In the fourth quarter, 14 office transactions closed with a total volume of $1,043,890,500. The 14 buildings totaled 1,634,104 square feet and the average price per square foot equated to $638.82 per square foot. That compares to 13 transactions totaling $1,955,263,000 in the third quarter 2015. The total square footage in the third quarter was 2,904,410 square feet for an average price per square foot of $673.20.
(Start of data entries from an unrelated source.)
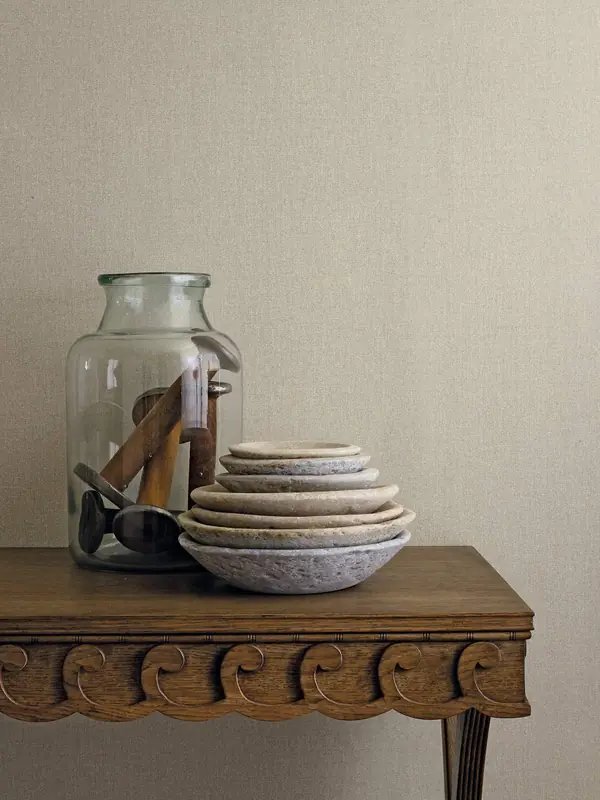 WILLIAM YEOWARD  COLLECTED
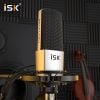 Micro Thu Âm ISK S700 Chính Hãng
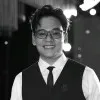 Hong Ngoc Han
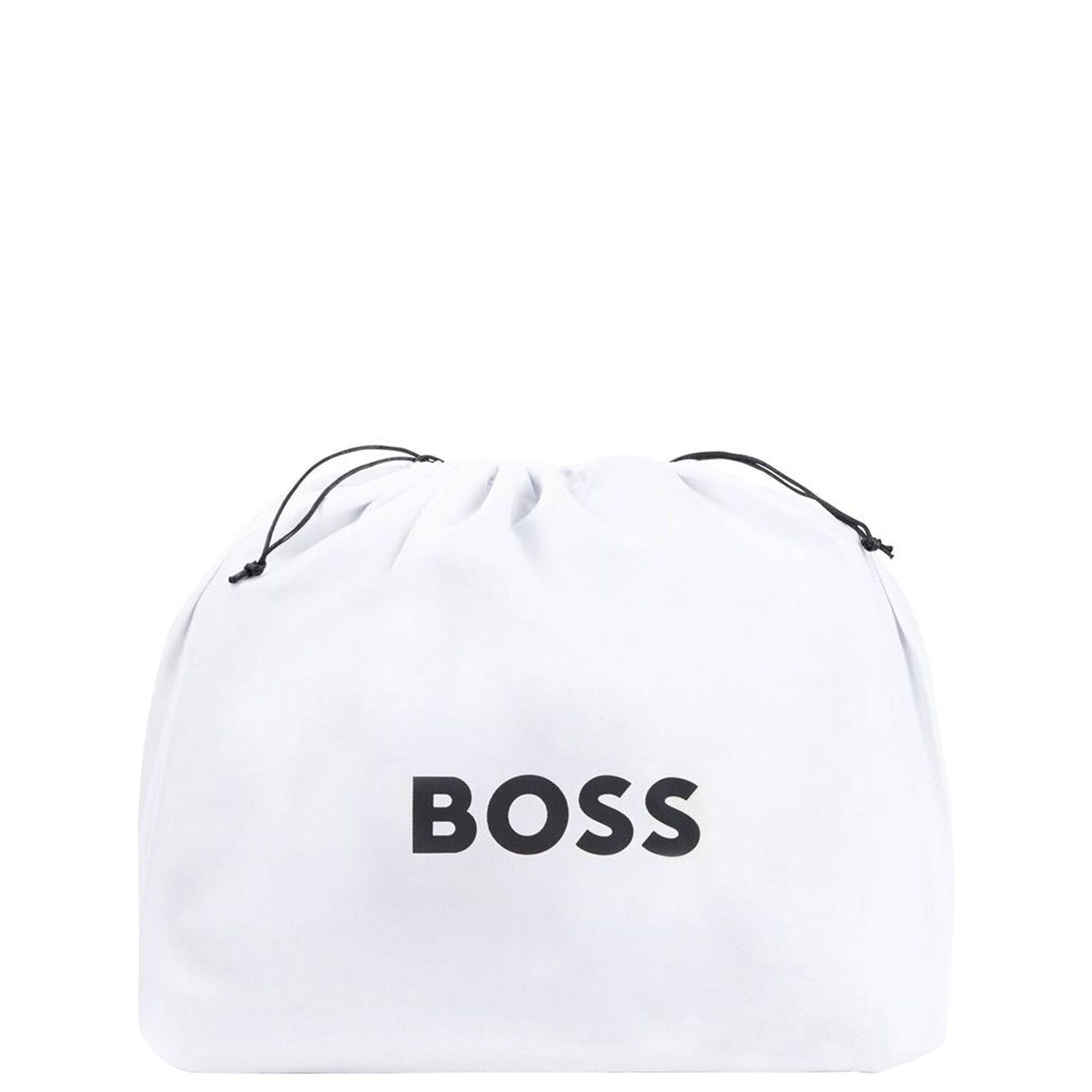 شنطة مواليد بالشعار باللون الكحلي للأطفال, 2, hi-res image number null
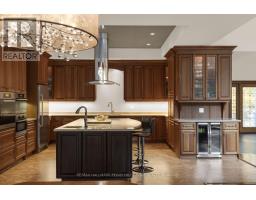 Great room - 1787 Quantz Crescent, Innisfil, ON L9S1X2 Photo 8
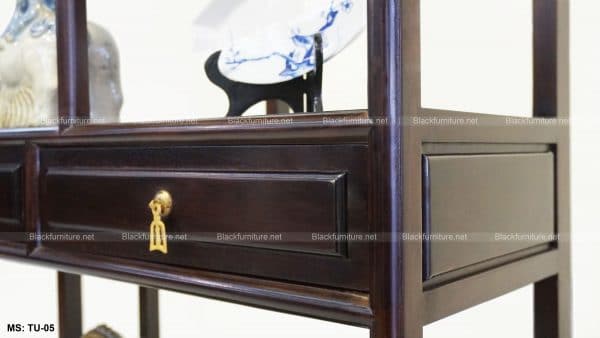 tủ bày đồ như ý kiểu tàu, tủ bày đồ, nơi sản xuất tủ bày đồ, nơi bán tủ bày đồ, tủ rượu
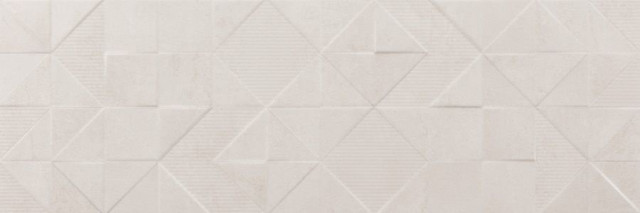 Navarti Drava Rlv Don Marfil 30x90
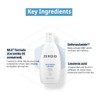 ZEROID | Soothing Lotion | Moisturizer for Sensitive Skin |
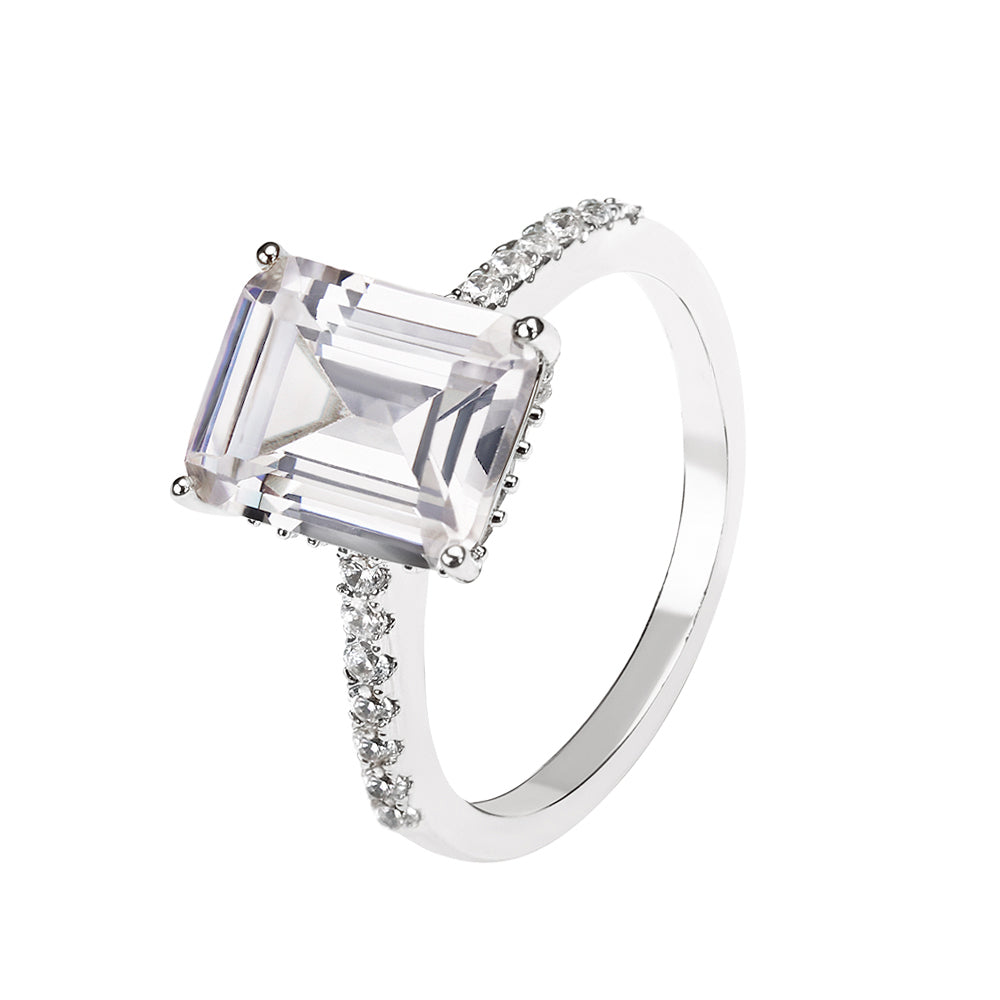 Wifey Ring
Total office building sales activity in 2015 was down com- pared to 2014. In the twelve months of 2015, the market saw 48 office sales transactions with a total volume of $4,814,873,500. The price per square foot averaged $651.62. In the same twelve months of 2014, the market posted 76 transactions with a total volume of $6,456,094,000. The price per square foot averaged
$544.50.

Cap rates have been lower in 2015, averaging 4.76% compared to the same period in 2014 when they averaged 4.88%. One of the largest transactions that occurred within the last four quarters in the San Francisco market is the sale of 333 Bush St in San Francisco. This 546,182-square-foot office building sold for $378,500,000, or $692.99 per square foot. The property sold on 12/24/2015, at a 3.70% cap rate.